Keeping in mind if you are a retailer, your insurance policy might have a specific time window to report any cash losses. If you’re doing bank recs once a month, and the insurance loss reporting period is seven days you will have a problem. Only a bank reconciliation will let you know if the deposits are really there.
One significant challenge of cashflow modelling is where the bank reconciliations are not in alignment with your general ledger (i.e. financial statements). While there will always be a small balance variance between your bank account and your accounting software, a large variance will indicate a cash flow problem.
Why should you do daily bank reconciliations? At first look, it seems to be a lot of work. If you are a retailer, you want to know daily, did the money come in the bank account? Have the various suppliers been paid?. This is vital information. If you haven’t set up your system to do daily bank recs, then I suggest we have a chat.
Secondly, if your insurance policy in regard to cash handling and receipts has a cash loss reporting time limit, your bank rec cycle will need to be inside that.
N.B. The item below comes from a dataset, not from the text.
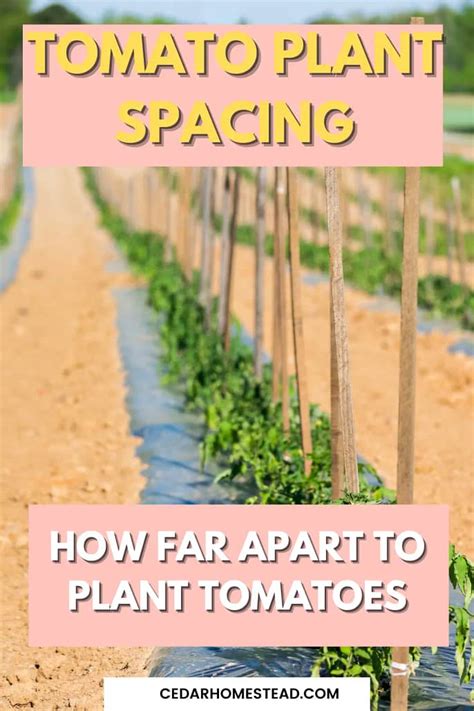 Tomato Plant Spacing: How Far Apart to Plant Tomatoes - Cedar Homestead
For example, if you do detect an anomaly, the clock’s ticking, and you need to be on it quite quickly. The trail can grow very cold, very fast.
I remember one client had a cash collection service who collected the week’s takings on Friday, we completed the bank rec on Monday, and reported missing money the same day. After 3 days this was confirmed by the cash collection company and they paid the money back. One of their guards of 10 years decided to get a bonus.
I remember when I was 12 years old, learning how to do the books for my Father’s bricklaying business. The first thing I learned how to do was a bank reconciliation. When I was 14, the first accounting software I wrote (on my Commodore 64!) was for bank recs. Back then, knowing if there was actual money in the bank account determined what we would eat for the week. For some, it’s not that different these days. Knowing that the money has been received and has gone out is vital for cash flow management.
Finally, if you’re not doing at least a weekly bank reconciliation, I suggest you change your philosophy or have a chat with your accounting service provider. At Eagle Shared Services, we endeavour to do them daily because we find that it works better for the client and is better for producing accurate management information.
Once again, I hope you found this valuable. Remember, if you can do your bank records daily, do it. Avoid doing it monthly; it’s just too risky in our current environment where cash flow is a very fluid thing.